--- Task prompt ---
Return each line of the entries that holds the string "Bordeaux".

═════ Dataset extract ═════

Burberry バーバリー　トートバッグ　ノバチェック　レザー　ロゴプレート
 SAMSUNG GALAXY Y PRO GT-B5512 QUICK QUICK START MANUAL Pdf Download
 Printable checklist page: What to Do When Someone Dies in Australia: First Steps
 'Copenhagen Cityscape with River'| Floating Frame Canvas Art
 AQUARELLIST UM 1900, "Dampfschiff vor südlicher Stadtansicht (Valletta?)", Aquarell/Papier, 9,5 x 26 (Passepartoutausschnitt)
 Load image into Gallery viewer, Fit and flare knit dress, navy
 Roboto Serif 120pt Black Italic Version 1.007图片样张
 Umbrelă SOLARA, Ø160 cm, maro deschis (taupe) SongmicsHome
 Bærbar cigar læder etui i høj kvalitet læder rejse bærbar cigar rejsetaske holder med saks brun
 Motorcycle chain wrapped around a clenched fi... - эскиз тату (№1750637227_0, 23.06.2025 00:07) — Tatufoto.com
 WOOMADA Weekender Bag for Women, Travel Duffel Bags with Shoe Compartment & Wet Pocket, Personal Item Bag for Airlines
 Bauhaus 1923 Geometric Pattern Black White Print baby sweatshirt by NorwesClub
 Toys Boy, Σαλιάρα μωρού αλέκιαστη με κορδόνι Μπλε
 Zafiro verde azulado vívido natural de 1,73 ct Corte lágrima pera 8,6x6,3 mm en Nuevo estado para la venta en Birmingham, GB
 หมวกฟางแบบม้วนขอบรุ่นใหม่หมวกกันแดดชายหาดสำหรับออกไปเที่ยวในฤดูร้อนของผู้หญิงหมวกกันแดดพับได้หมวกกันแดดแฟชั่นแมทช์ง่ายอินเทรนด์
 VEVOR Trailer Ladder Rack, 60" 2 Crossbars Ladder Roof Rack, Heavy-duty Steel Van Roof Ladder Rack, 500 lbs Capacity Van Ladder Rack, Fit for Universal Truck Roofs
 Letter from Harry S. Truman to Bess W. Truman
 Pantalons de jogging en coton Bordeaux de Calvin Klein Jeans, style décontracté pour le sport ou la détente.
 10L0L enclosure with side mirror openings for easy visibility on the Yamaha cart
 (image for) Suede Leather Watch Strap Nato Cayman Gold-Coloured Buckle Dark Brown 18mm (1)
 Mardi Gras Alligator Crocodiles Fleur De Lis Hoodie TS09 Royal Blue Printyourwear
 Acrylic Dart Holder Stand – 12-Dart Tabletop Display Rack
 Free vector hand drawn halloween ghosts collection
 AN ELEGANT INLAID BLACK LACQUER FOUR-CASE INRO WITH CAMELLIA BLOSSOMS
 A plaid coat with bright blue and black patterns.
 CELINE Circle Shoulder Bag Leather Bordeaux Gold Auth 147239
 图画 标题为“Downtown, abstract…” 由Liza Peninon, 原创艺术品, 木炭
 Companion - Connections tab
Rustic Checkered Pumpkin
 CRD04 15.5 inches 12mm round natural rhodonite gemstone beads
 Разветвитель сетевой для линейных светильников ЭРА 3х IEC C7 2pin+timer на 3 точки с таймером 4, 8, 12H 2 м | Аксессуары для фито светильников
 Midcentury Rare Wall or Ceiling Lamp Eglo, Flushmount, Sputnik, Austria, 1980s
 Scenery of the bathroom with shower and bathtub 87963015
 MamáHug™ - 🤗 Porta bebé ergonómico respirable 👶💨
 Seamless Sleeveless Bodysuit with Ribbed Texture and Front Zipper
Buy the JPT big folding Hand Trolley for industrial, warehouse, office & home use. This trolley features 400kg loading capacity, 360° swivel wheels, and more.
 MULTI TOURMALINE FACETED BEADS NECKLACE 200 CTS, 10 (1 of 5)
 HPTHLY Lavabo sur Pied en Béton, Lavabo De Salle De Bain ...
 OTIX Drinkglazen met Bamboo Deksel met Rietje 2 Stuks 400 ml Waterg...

═════

--- Response ---
 Pantalons de jogging en coton Bordeaux de Calvin Klein Jeans, style décontracté pour le sport ou la détente.
 CELINE Circle Shoulder Bag Leather Bordeaux Gold Auth 147239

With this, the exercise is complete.